Tu sei un latitante, mafioso e assassino. Io un poliziotto che per anni ha dato la caccia a quelli come te e che adesso ha deciso di smettere per occuparsi d’altro.
Peccato però che da quando ho cambiato “mestiere”, diciamo così, ovunque mi giri io non faccia altro che incontrare te.
Vado al supermercato e ho il sospetto che sia cosa tua.
Decido di cambiare gestore per la fornitura di energia elettrica e mi informano che c’entrano gli amici tuoi. Faccio un viaggio e mi allontano dalla Sicilia, magari raggiungo la Toscana o l’Emilia e, incredibile a dirsi, mi raccontano che l’albergo è di un imprenditore tuo compaesano o forse di tua proprietà.
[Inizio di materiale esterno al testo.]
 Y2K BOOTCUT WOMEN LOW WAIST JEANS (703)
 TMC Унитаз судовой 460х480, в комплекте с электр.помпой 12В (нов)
Allora penso al mio amico Giacomo Di Girolamo e al bellissimo soprannome che ti ha dato: “l’invisibile”. Definizione mai tanto appropriata per te: altro che “Diabolik”, “u siccu”, “u luongo”, come altri ti chiamano. No. Giacomo ha ragione. Come l’uomo invisibile, la tua lunga mano, sebbene nascosta, è ovunque: controlla appalti, uomini politici, esponenti della massoneria, affari, compra alberghi, case, terreni, decide di vita e di morte.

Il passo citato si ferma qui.